▸ REQUIRED WORK
From the first line to the last, output the records exactly and drop any images.

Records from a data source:
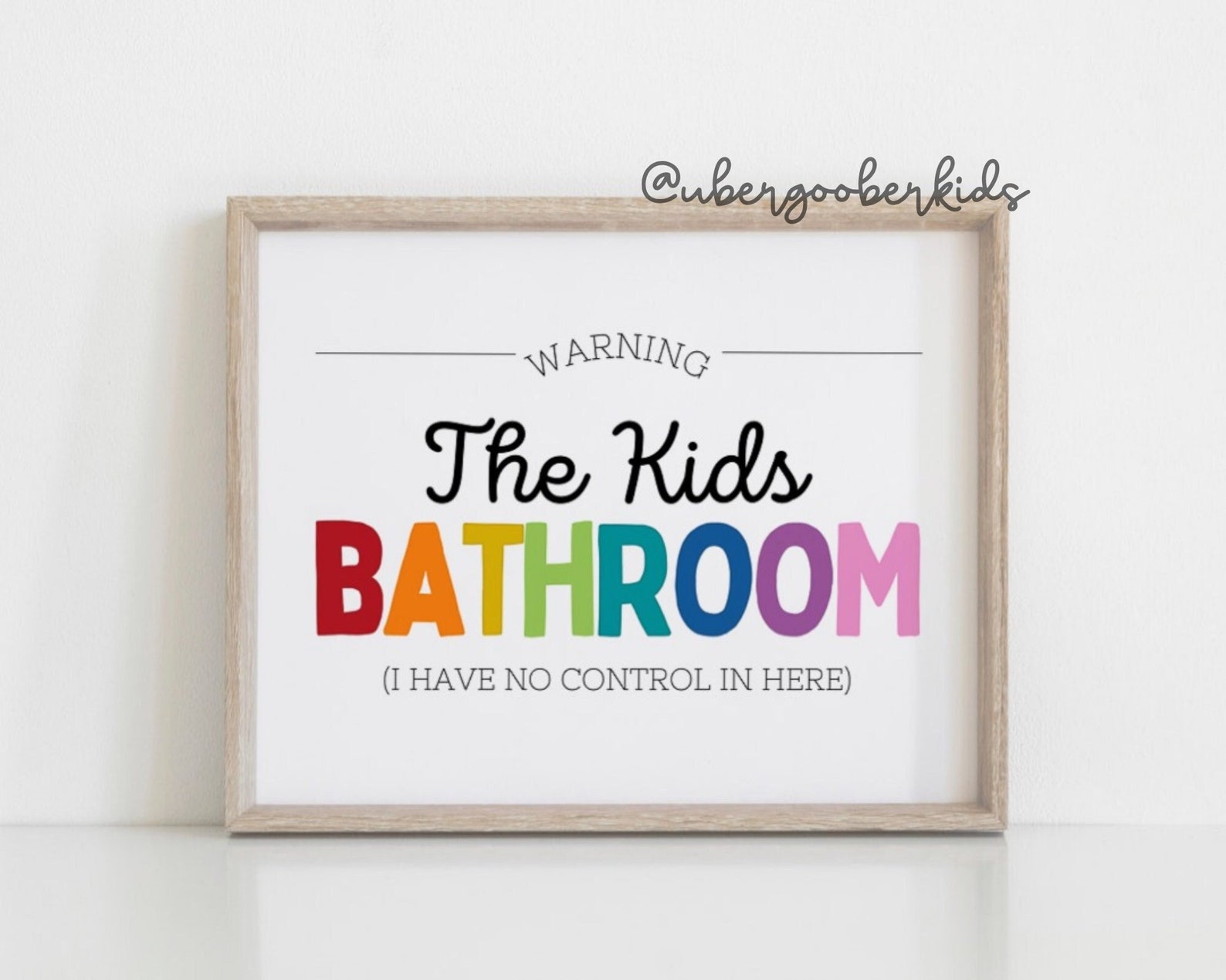 Kids Bathroom Wall Art Bathroom Wall Prints Kids Bathroom - Etsy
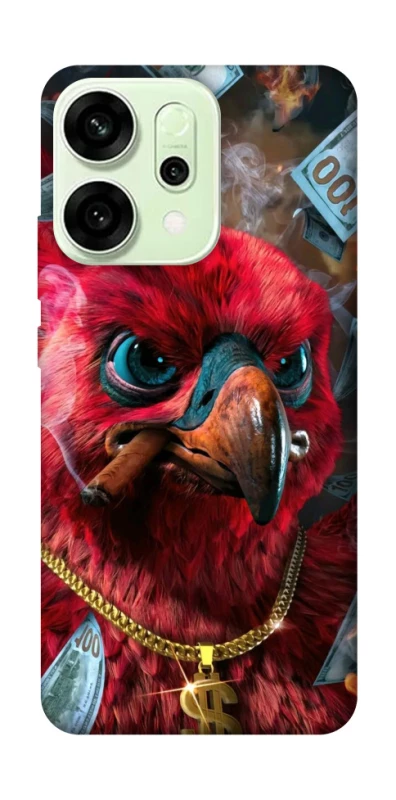 Чохол на Oppo Reno 14 Папуга фото 1 з 1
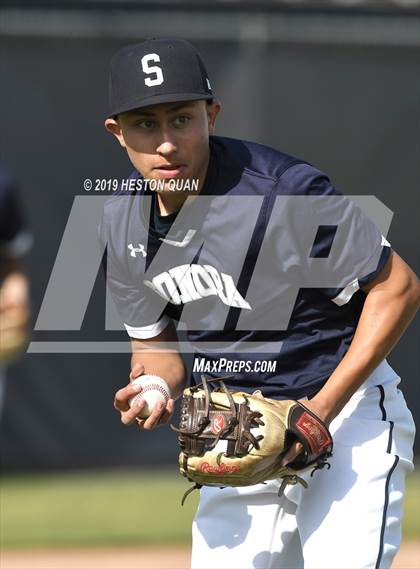 Thumbnail 3 in Sonora vs. Canyon Springs (CIF-SS D4 Playoff) photogallery.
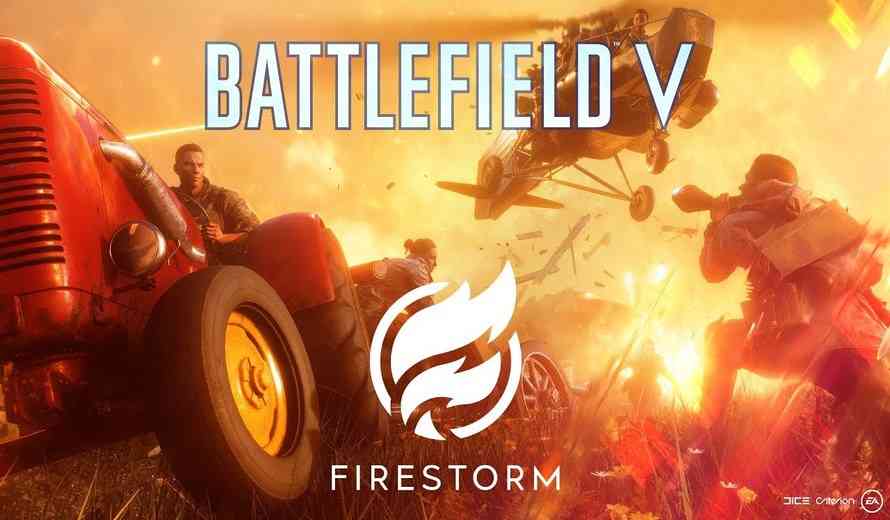 Battlefield V's Battle Royale Mode 'Firestorm' Launches On March 25th ...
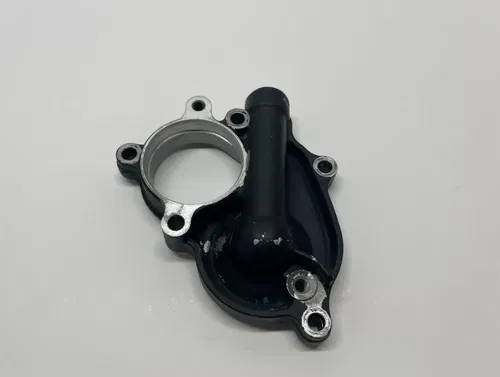 2008 RMZ250 Water Pump Cover OEM Engine Cover Black Suzuki RMZ250 2007-2013 RMZ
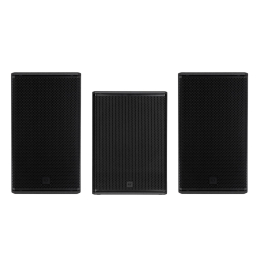 Enceintes amplifiées - RCF - 2 NX 912-A + SUB 18-AX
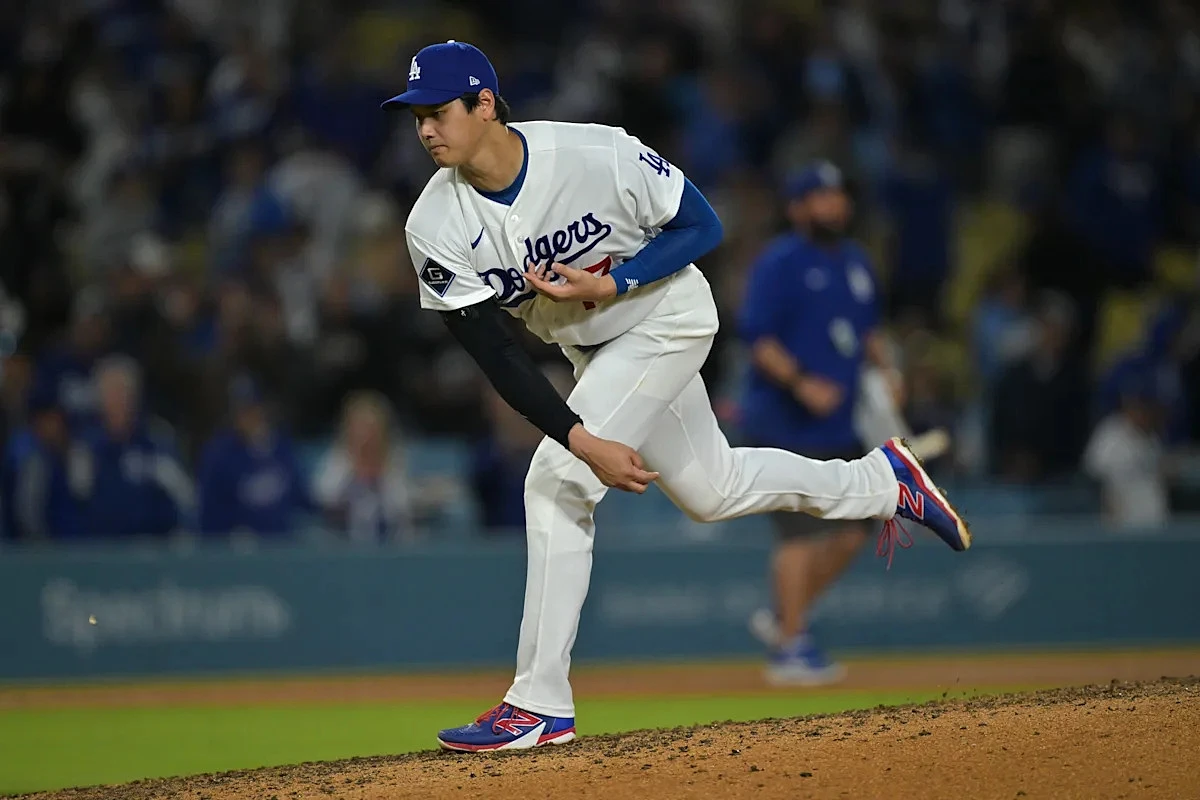 Why Shohei Ohtani isn't in Dodgers' lineup vs. Mets on Wednesday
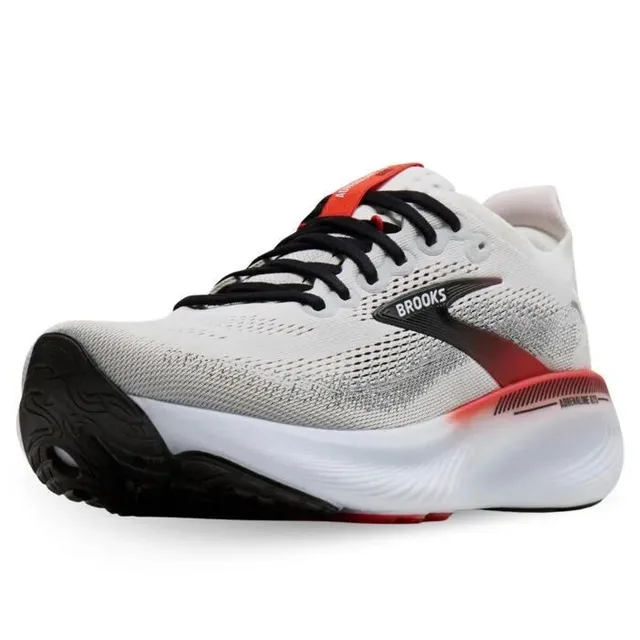 Chaussures Brooks Adrenaline GTS 25 medium blanc noir rouge - 45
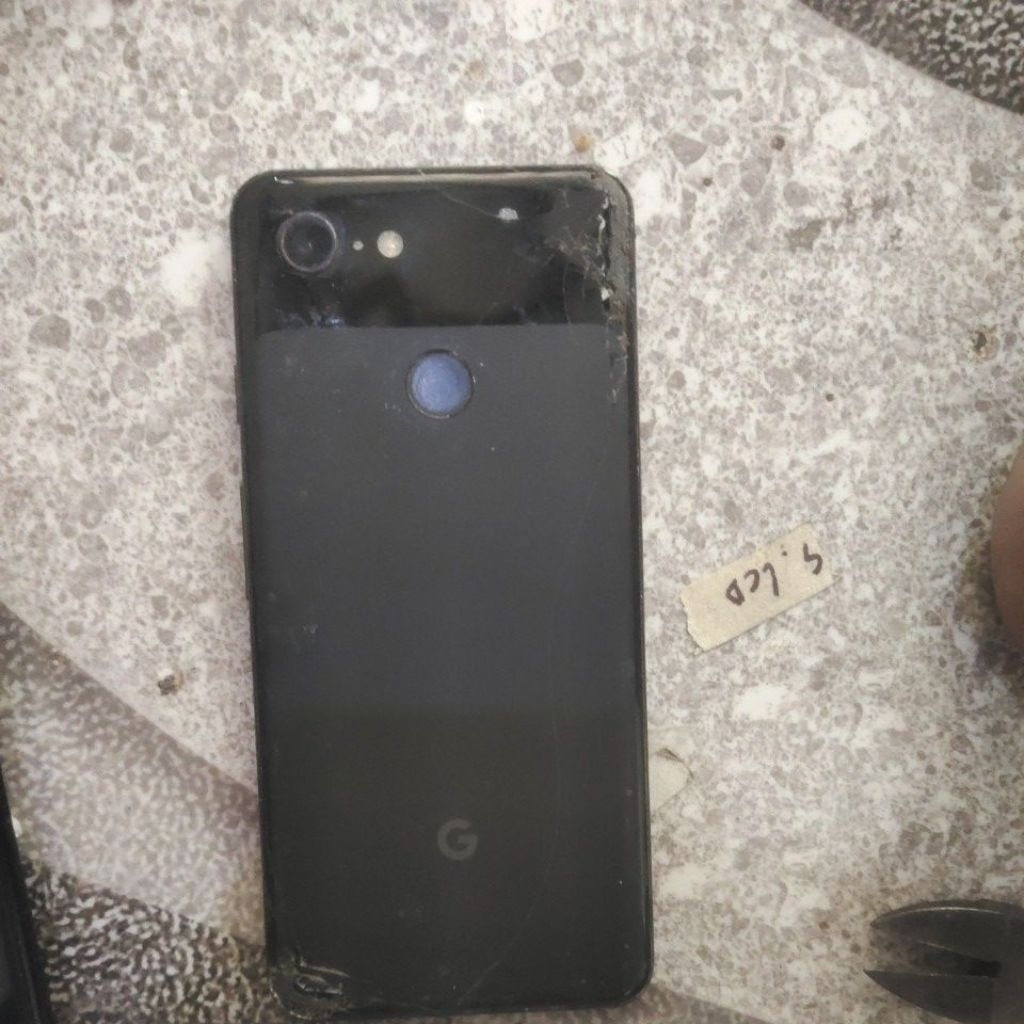 hp goggle pixsel 3 ram 4/64 minus lcd prangkat sesuai di foto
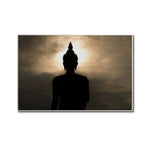 Cargar imagen en el visor de la galería, Cuadro Decorativo - Zen 054 - Buda en Meditación, Atardecer Luz y sombras
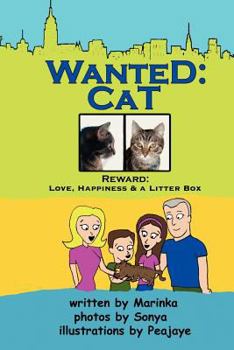 Paperback Wanted: Cat Book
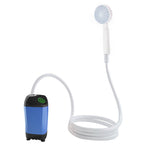 Outdoor Bath Artifact Field Dormitory Simple Electric Shower, Basic Model 4400mAh, 3 Gear Model 4400mAh, Digital Display 4400mAh, Digital Display 7800mAh Basic Model 4400mAh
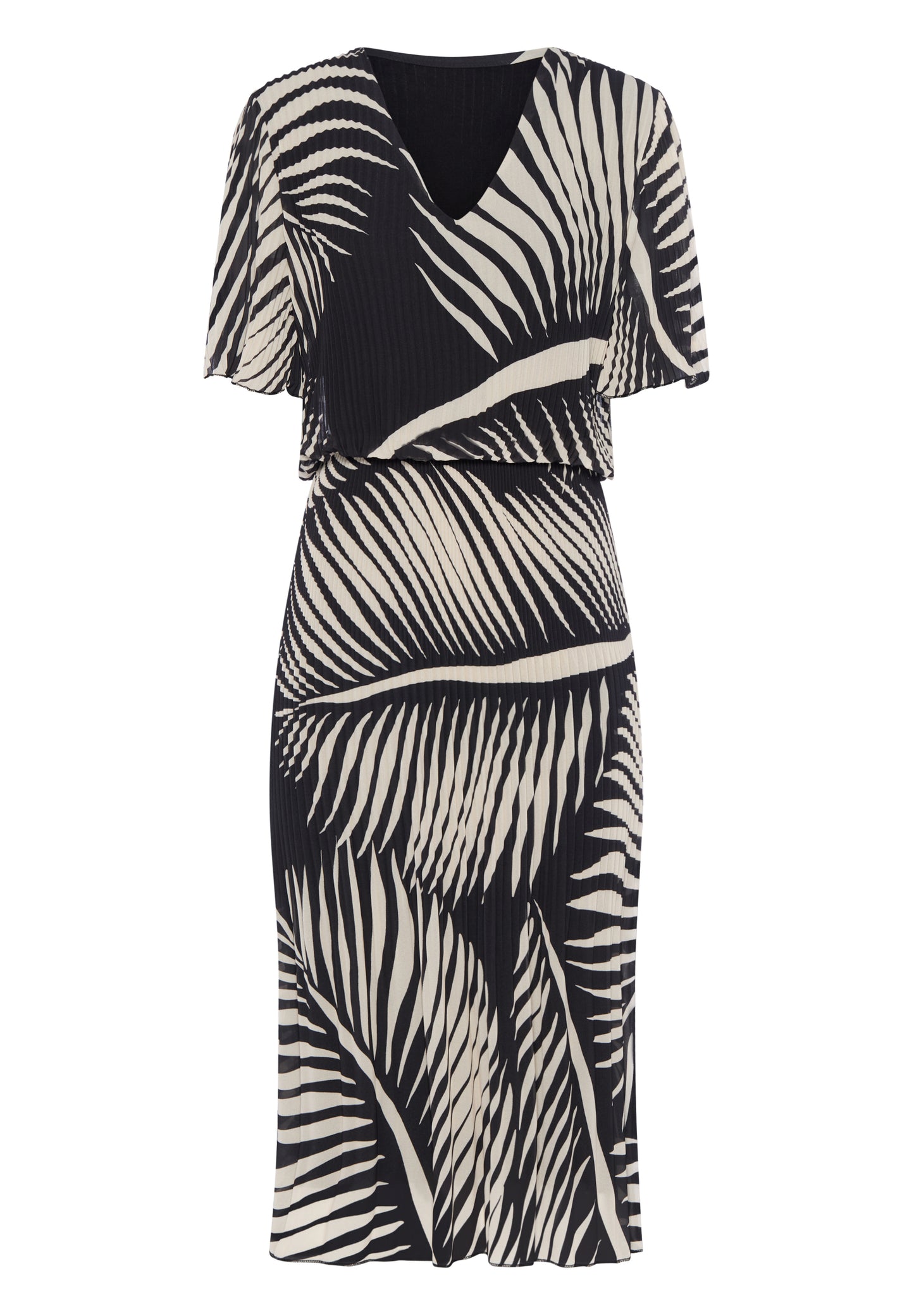 Frank Walder Patterned Dress 303550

▸ OUTPUT FOR THIS TASK
 Kids Bathroom Wall Art Bathroom Wall Prints Kids Bathroom - Etsy
 Чохол на Oppo Reno 14 Папуга фото 1 з 1
 Thumbnail 3 in Sonora vs. Canyon Springs (CIF-SS D4 Playoff) photogallery.
 Battlefield V's Battle Royale Mode 'Firestorm' Launches On March 25th ...
 2008 RMZ250 Water Pump Cover OEM Engine Cover Black Suzuki RMZ250 2007-2013 RMZ
 Enceintes amplifiées - RCF - 2 NX 912-A + SUB 18-AX
 Why Shohei Ohtani isn't in Dodgers' lineup vs. Mets on Wednesday
 Chaussures Brooks Adrenaline GTS 25 medium blanc noir rouge - 45
 hp goggle pixsel 3 ram 4/64 minus lcd prangkat sesuai di foto
 Cargar imagen en el visor de la galería, Cuadro Decorativo - Zen 054 - Buda en Meditación, Atardecer Luz y sombras
 Paperback Wanted: Cat Book
 Outdoor Bath Artifact Field Dormitory Simple Electric Shower, Basic Model 4400mAh, 3 Gear Model 4400mAh, Digital Display 4400mAh, Digital Display 7800mAh Basic Model 4400mAh
 Frank Walder Patterned Dress 303550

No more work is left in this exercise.